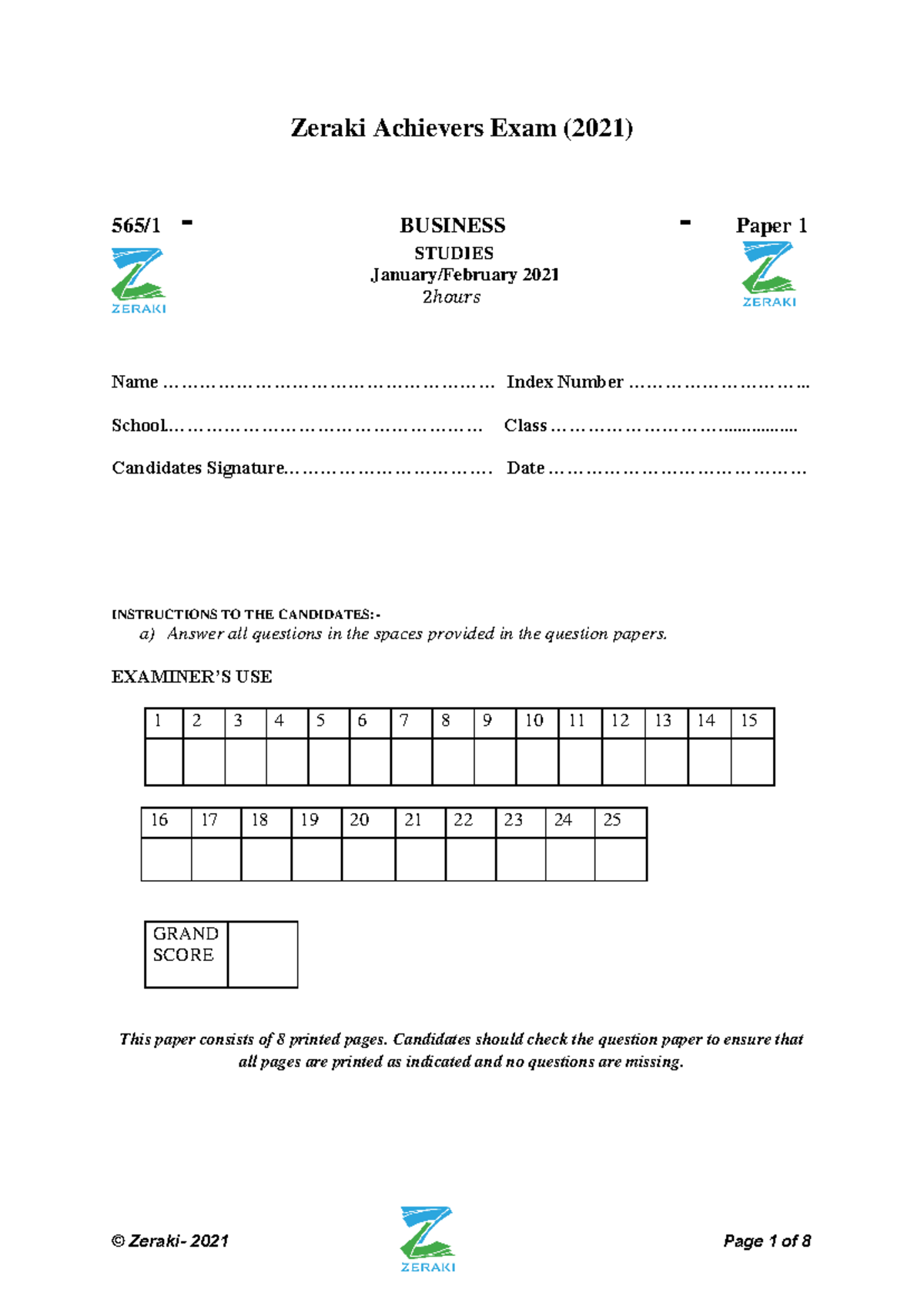 Business Studies 565/1 - Paper 1 - January/February 2021 Exam Questions ...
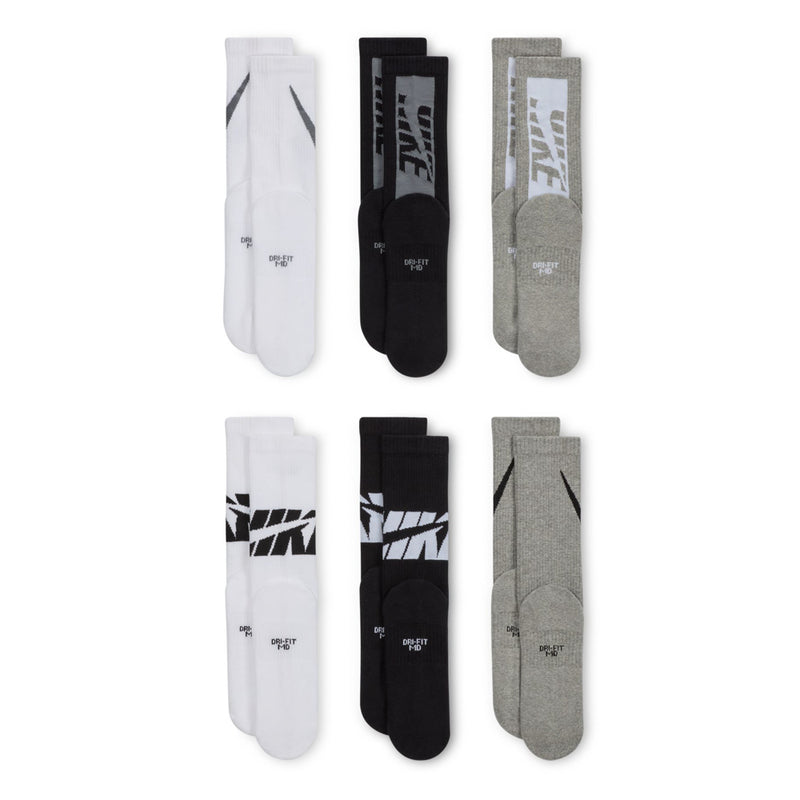 6-pack youth crew socks with swoosh and geometric print in white, black, and gray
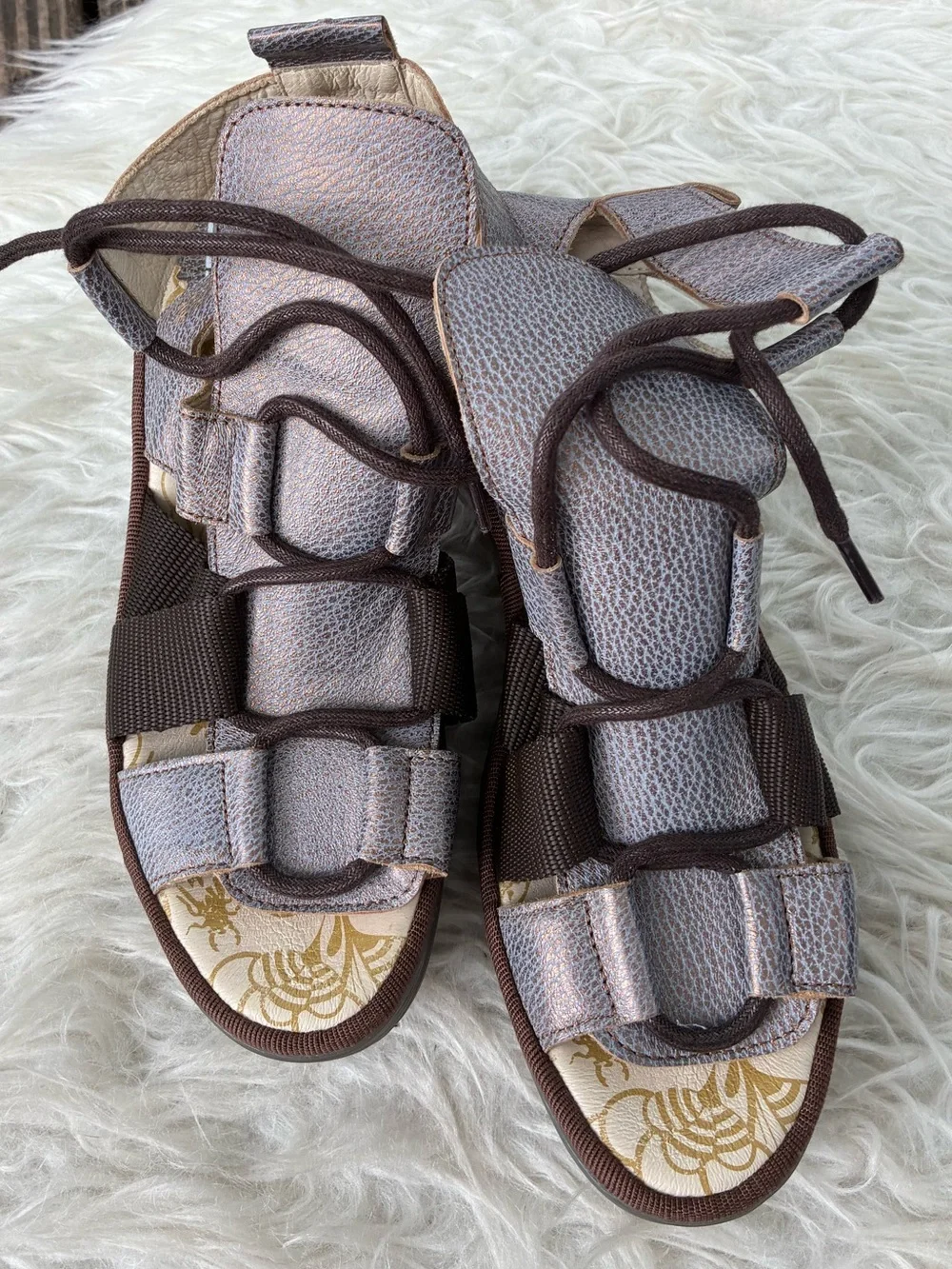🌺EXCELLENT CONDITION FLY LONDON leather  Lace-Up wedge platform sandals 🌺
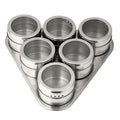 Aeofa 6pcs Metal Empty Oval Stainless Steel Magnetic Spice Jars Herb Package Jar with Triangle or Rectangular Base and Labels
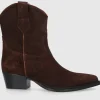 EN AVANT Damen Stiefeletten 3901 Veloursleder braun-kombi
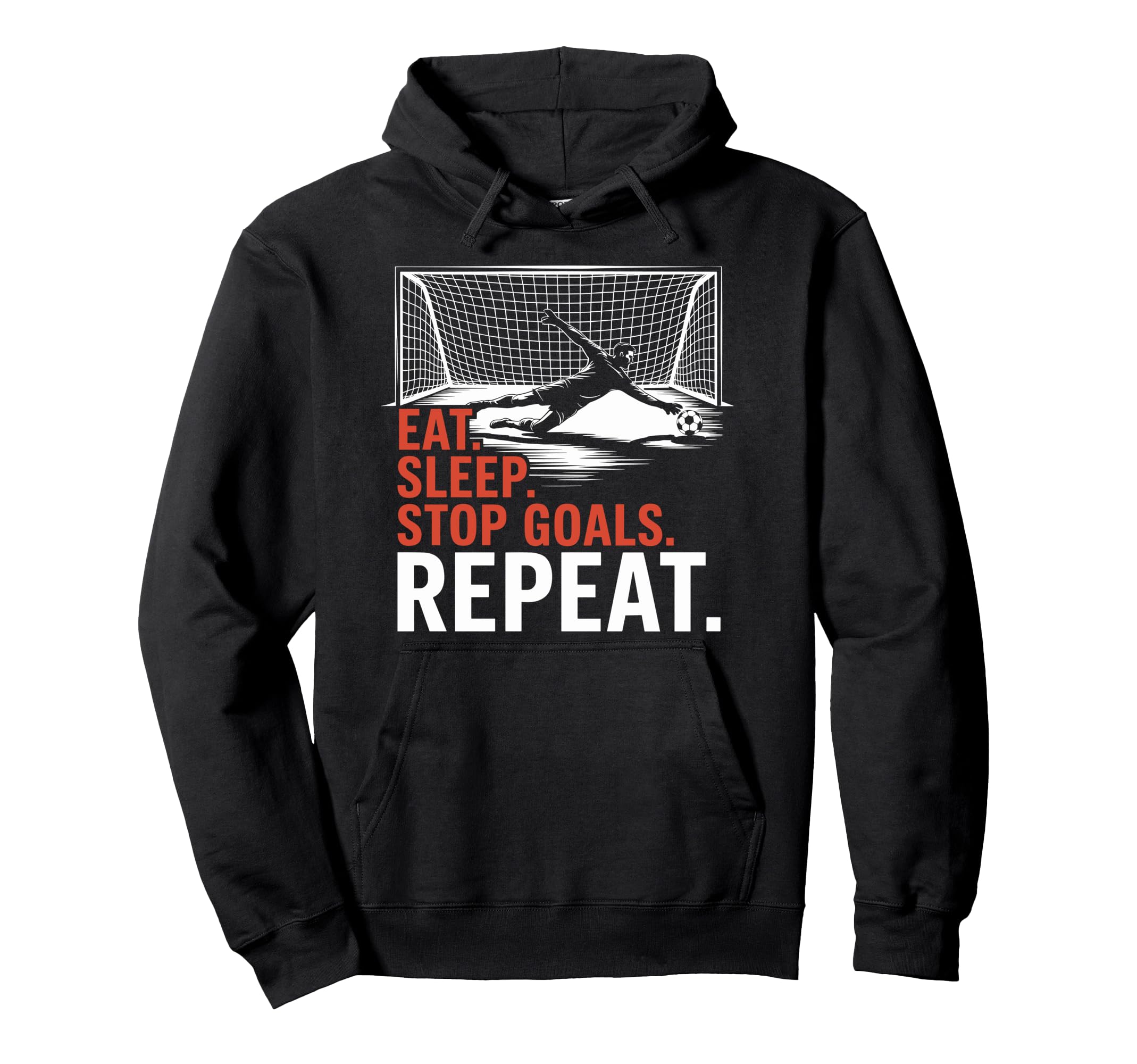 Eat Sleep Stop Goal Repeat Coach Hoodie - Aesthetic Graphic for Adults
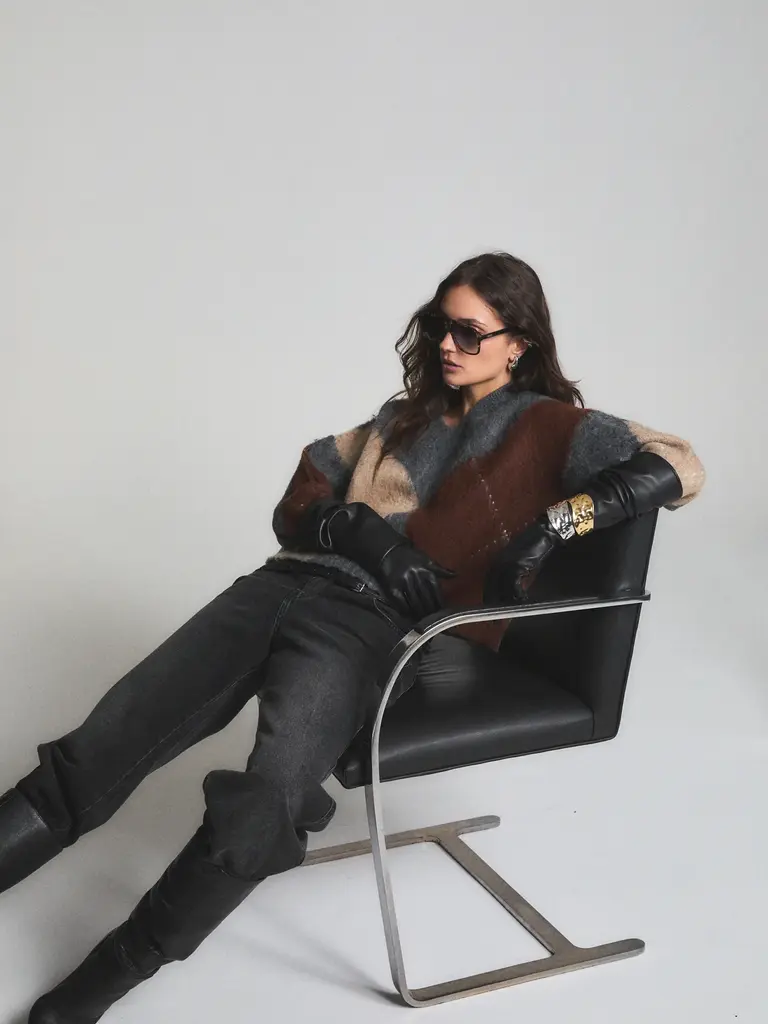 Deluc Fuzzy Argyle Knit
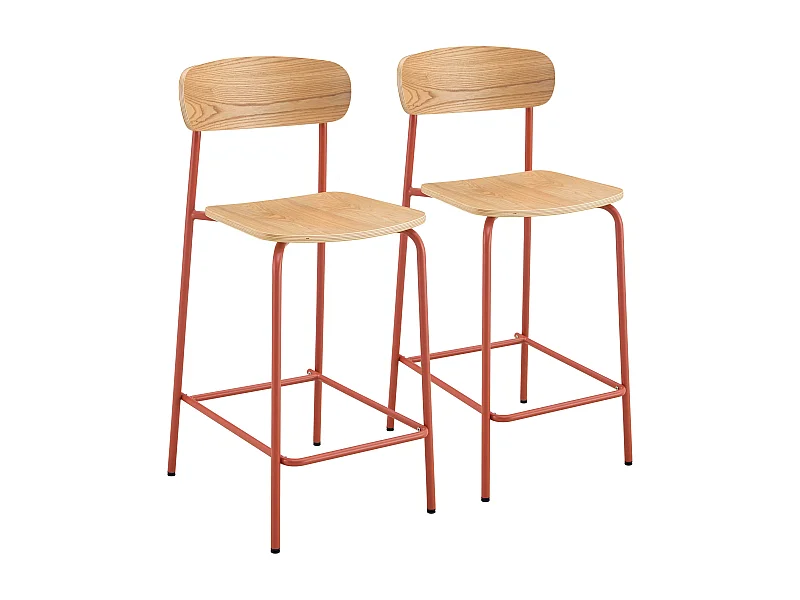 Lot de 2 chaises hautes en métal et bois orange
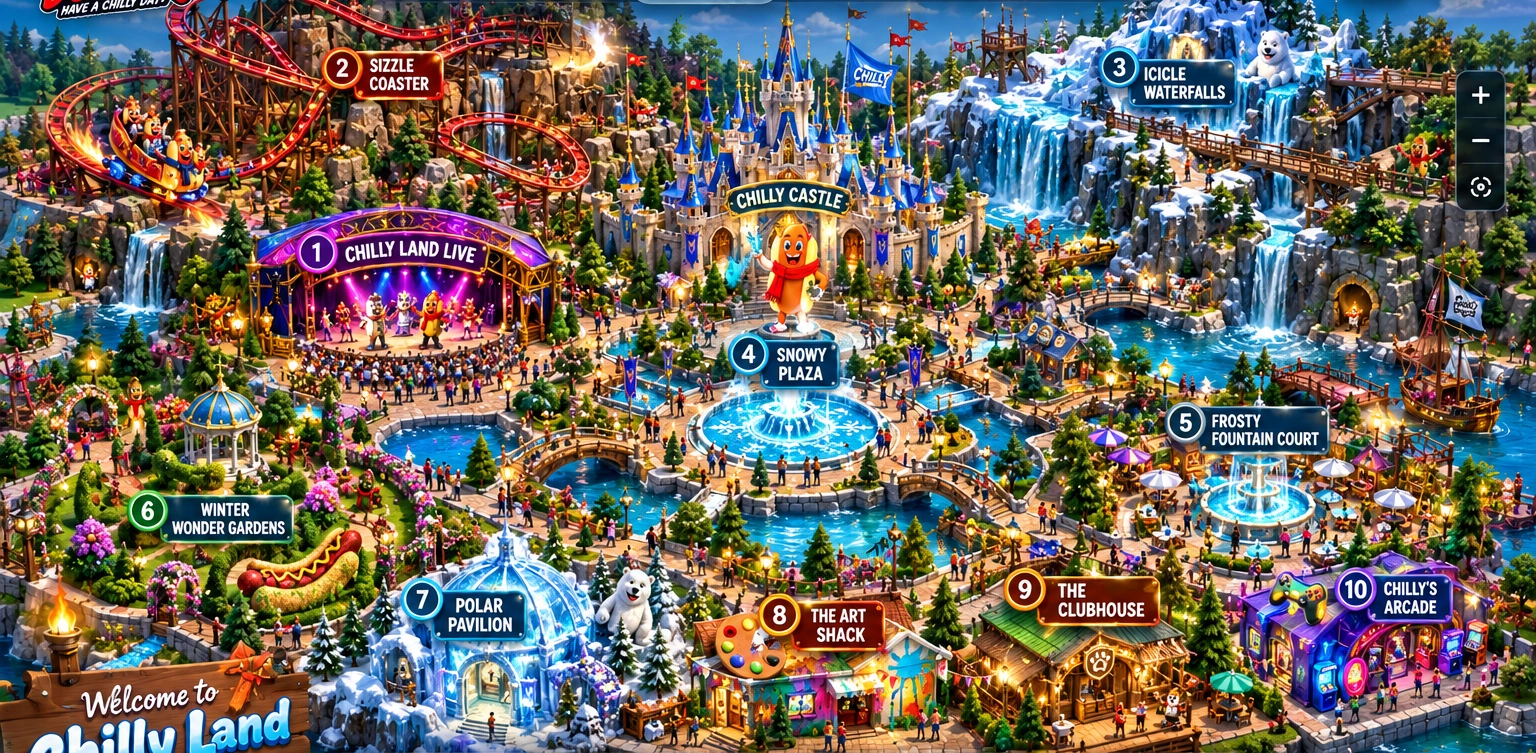 Chilly Land’s original park map: Sizzle Coaster and the live stage on the left, Chilly Castle in the center, Icicle Waterfalls and fountain court on the right, and village buildings across the front.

_Activity:_
Set down the line containing "Eat Sleep Stop", then every later line through the end of the material, exactly as written; omit any picture.

_Reply:_
 Eat Sleep Stop Goal Repeat Coach Hoodie - Aesthetic Graphic for Adults
 Deluc Fuzzy Argyle Knit
 Lot de 2 chaises hautes en métal et bois orange
 Chilly Land’s original park map: Sizzle Coaster and the live stage on the left, Chilly Castle in the center, Icicle Waterfalls and fountain court on the right, and village buildings across the front.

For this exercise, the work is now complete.